Переводя все сказанное на язык общей физики, скажем: организация пространства достигается здесь некоторым непрерывным распределением источников и стоков, или некоторых точечных масс, положительных и отрицательных. Это использование уравнения Пуассона[98] —последнего члена, содержащего плотность распределения масс в каждой точке. Художник играет здесь на этом последнем члене, а силовое поле и соответствующее строение пространств устанавливаются тогда сами собою как нечто вторичное и отраженное.

В искусстве этого рода приходится действовать точкою–мазком. Как осязательная до последней степени, такая точка должна сниматься с вещи чистым пассивным зрением: это как бы облупившаяся чешуйка зримой поверхности вещей, и даже не самих вещей, а их проекций. Художник берет здесь пассивно то, что ему представляется в данный момент, и сознательно бежит познания вещи, безотносительного к случайной обстановке наличного восприятия. Если в линии характерна ее индивидуальная форма, то точка лишена формы, а потому — индивидуальности.
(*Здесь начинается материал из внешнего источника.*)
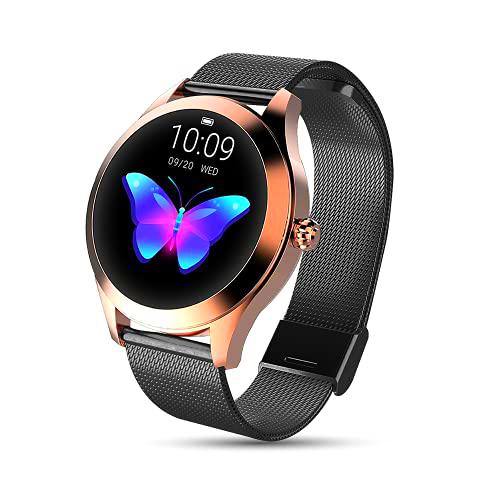 LUNIQUESHOP Reloj Round Smartwatch Reloj Mujer Inteligente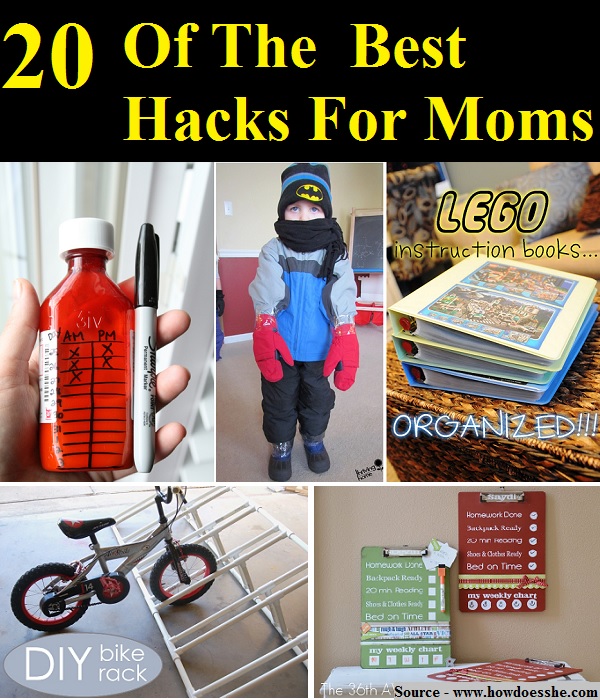 20 Of The  Best Hacks For Moms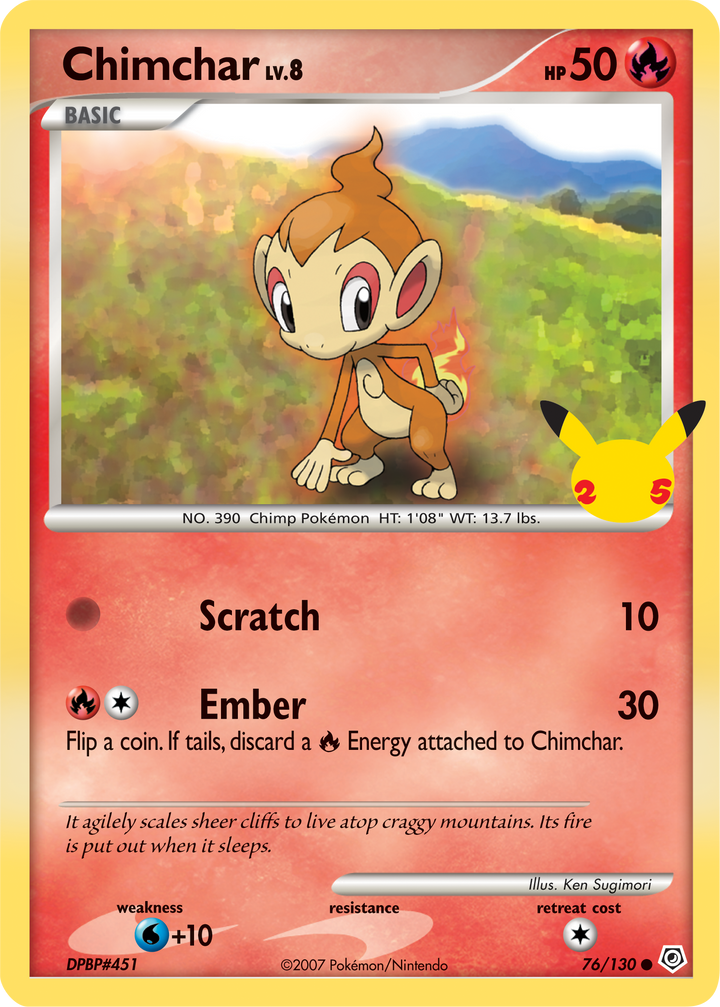 Chimchar [First Partner Pack] [Jumbo Cards]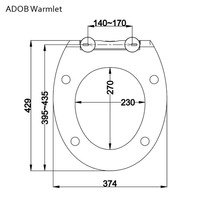 Verwarmde Toiletzitting Maro D'Italia ADOB Warmlet Softclose Wit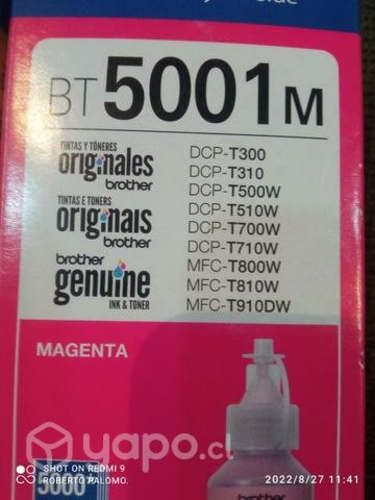 Packs de tintas brother btd60bk y colores original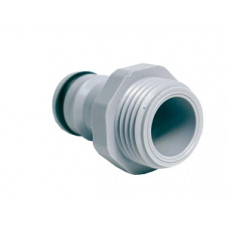 KRAANNIPPEL 1/2INCH MET UITWENDIGE DRAAD (PVC) OP BLISTER
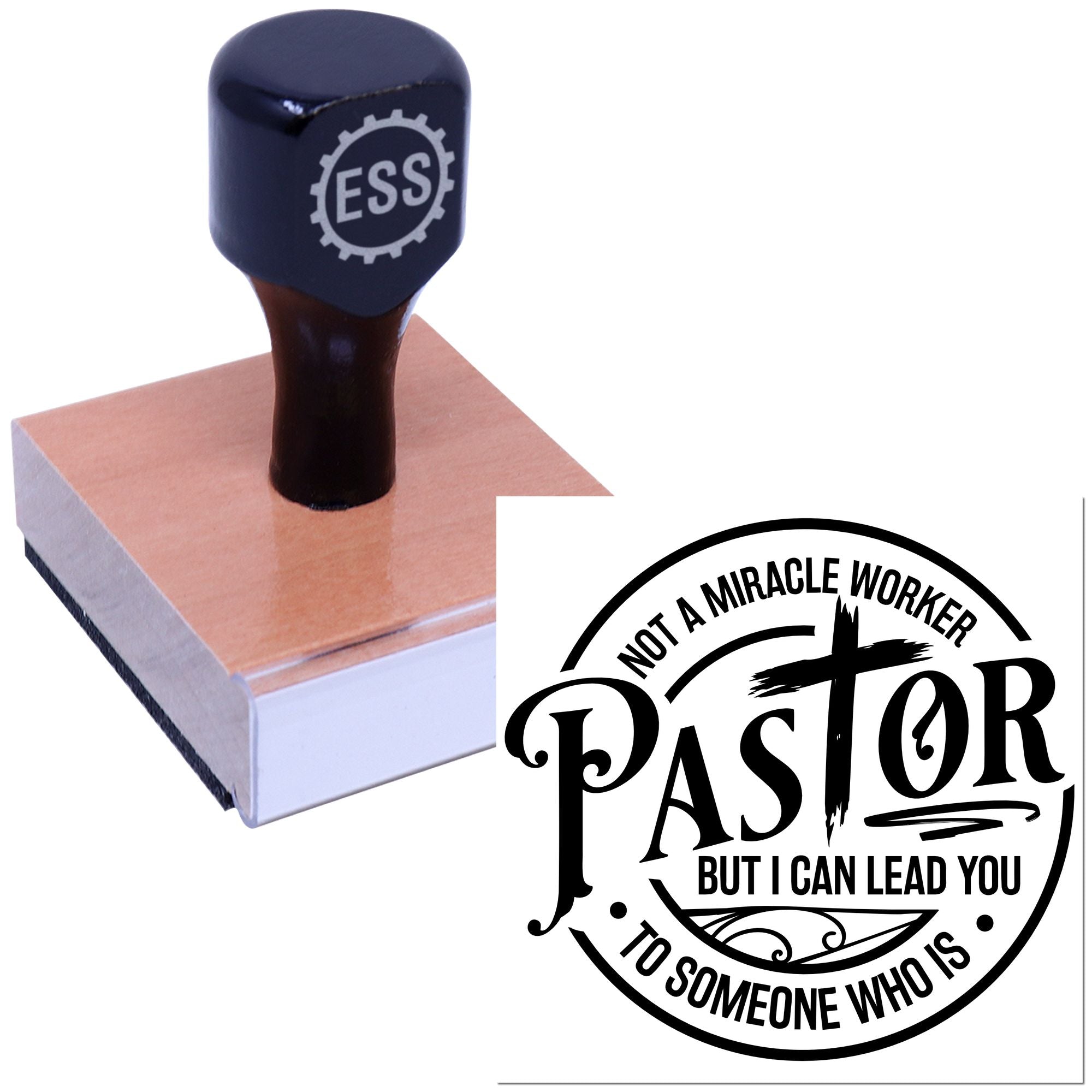 Guiding Faith Emblem Note Card Rubber Stamp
Отсюда необходимость индивидуализировать в живописи точку величиной ее поверхности, тоном, цветом, т. е. придать ей чувственные характеристики помимо характеристики геометрической — известного места на плоскости. Отсюда далее понятно тяготение живописи еще более и еще грубее чувственно индивидуализировать ее точки: это ведет живопись к исканию фактур, а еще дальше — побуждает заимствовать эти фактуры уже в качестве готовых, из различных произведений техники. Так возникают наклейки, набивки, инкрустации и т. п.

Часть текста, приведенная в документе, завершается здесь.